Une modification importante du droit matrimonial est entrée en vigueur le 1er janvier 2023. Elle est malheureusement passée pratiquement inaperçue aux yeux du public. Cette modification permet d’éviter les conséquences pénibles d’une situation telle que celle décrite ci-dessus.
Pour s’assurer que le conjoint ne puisse bénéficier de droits héréditaires si le décès intervient durant la procédure de divorce il faut écarter deux obstacles : le premier est le droit à la part réservataire du conjoint survivant et le second est son droit à sa part légale à la succession au même titre que n’importe quel autre héritier légal.
Concernant le premier obstacle, à savoir le droit du conjoint à sa part réservataire, il est important de rappeler que le régime légal prévoit désormais à l’article 120 al. 3 du Code civil que « sauf clause contraire, les époux perdent tous les avantages résultant de dispositions pour cause de mort… [c’est-à-dire testament ou pacte successoral ou contrat de mariage] au moment du divorce ou au moment du décès si une procédure de divorce entraînant la perte de la réserve du conjoint survivant est pendante ».
En cas de divorce, la situation est suffisamment claire et ne nécessite aucune explication particulière : une fois le divorce prononcé, les conjoints n’héritent plus l’un de l’autre qu’il y ait ou non des dispositions pour cause de mort ; la part réservataire n’est donc plus protégée. En cas de décès, la situation est plus complexe.
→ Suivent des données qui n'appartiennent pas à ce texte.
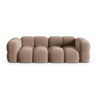 Loretto 4-Sitzer Sofa aus Samt in Dunkelbeige (Vogue 3), 250x100x68 cm von Cosmopolitan Design – Bild 1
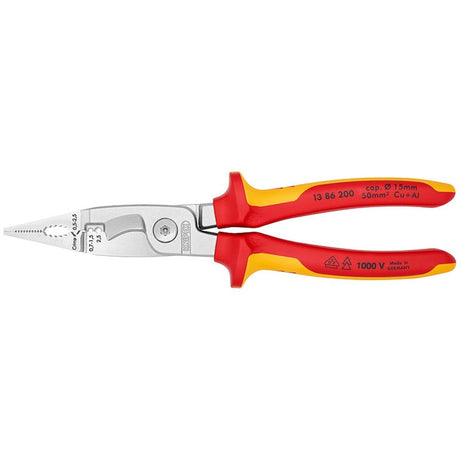 Knipex 1386200 installatietang - elektro - 200mm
Les dispositions pour cause de mort entre conjoints deviennent sans effet si une procédure de divorce entraînant la perte de la réserve du conjoint survivant est pendante. Cette dernière condition est remplie « … si la procédure de divorce est ouverte sur requête commune des conjoints ou si les époux ont vécu séparés pendant deux ans au moins au moment du décès » (art. 472 CC). Dans les deux cas de figure décrits ci-dessus, le conjoint survivant perd la protection de sa réserve héréditaire de par la loi tout comme les avantages liés aux dispositions pour cause de mort.
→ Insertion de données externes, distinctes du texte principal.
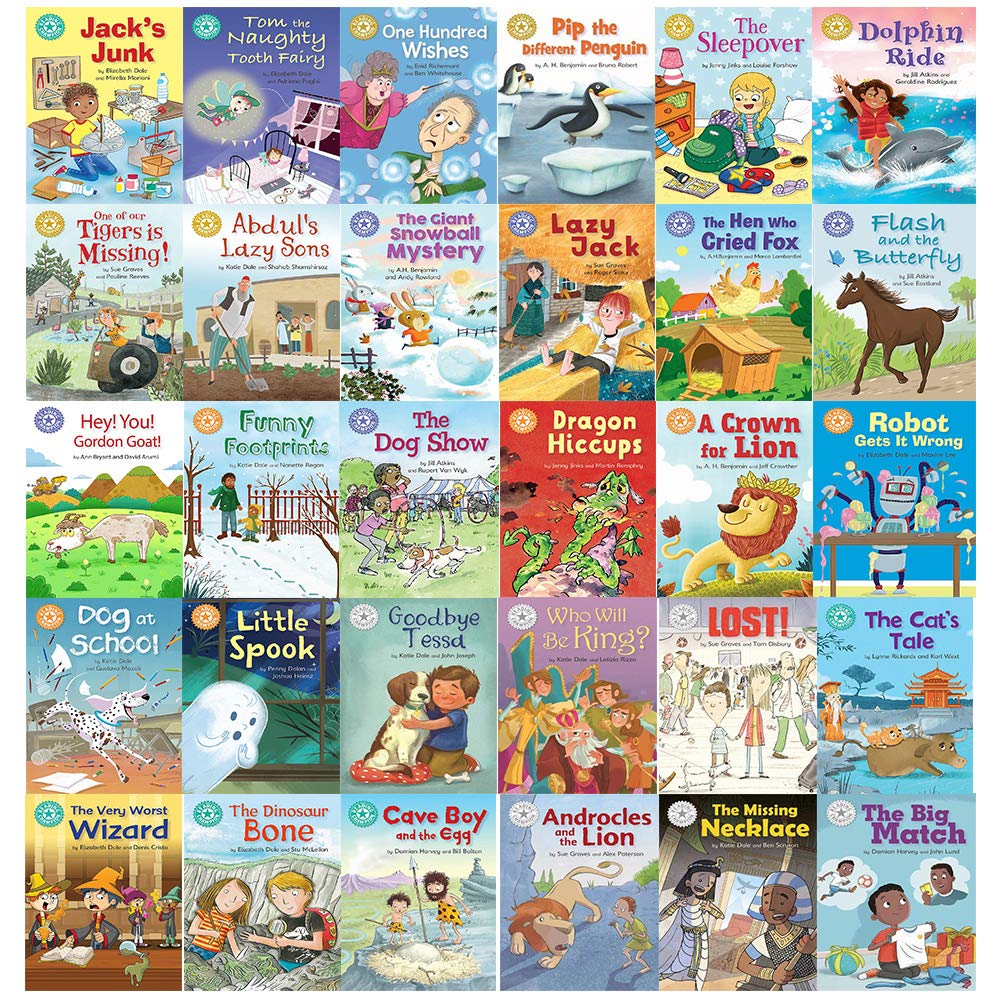 Reading Champion Collection 30 Books Set A Crown For Lion, Funny Footprints, Cat's Tale - Lets Buy Books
Concernant le second obstacle, à savoir le droit du conjoint survivant à sa part légale, celui-ci demeure tant et aussi longtemps que le divorce n’est pas prononcé et ce même si les conditions des art. 120 al. 3 et 472 CC précités sont réunies. De ce fait, il continue néanmoins à pouvoir prétendre à ses droits légaux dans la succession de son futur ex-conjoint. Ce dernier n’étant plus héritier réservataire, il peut désormais être écarté de la succession par voie testamentaire comme n’importe quel autre héritier légal. Le de cujus - la personne qui va mourir - peut alors favoriser ses descendants ou d’autres personnes en lieu et place de son futur ex-conjoint. Naturellement cette solution nécessite une démarche proactive de la part de la personne qui souhaite se préserver des intérêts d’un conjoint profiteur. Pour ce faire il devra se rendre chez son notaire et planifier sa succession de façon précise et sans équivoque.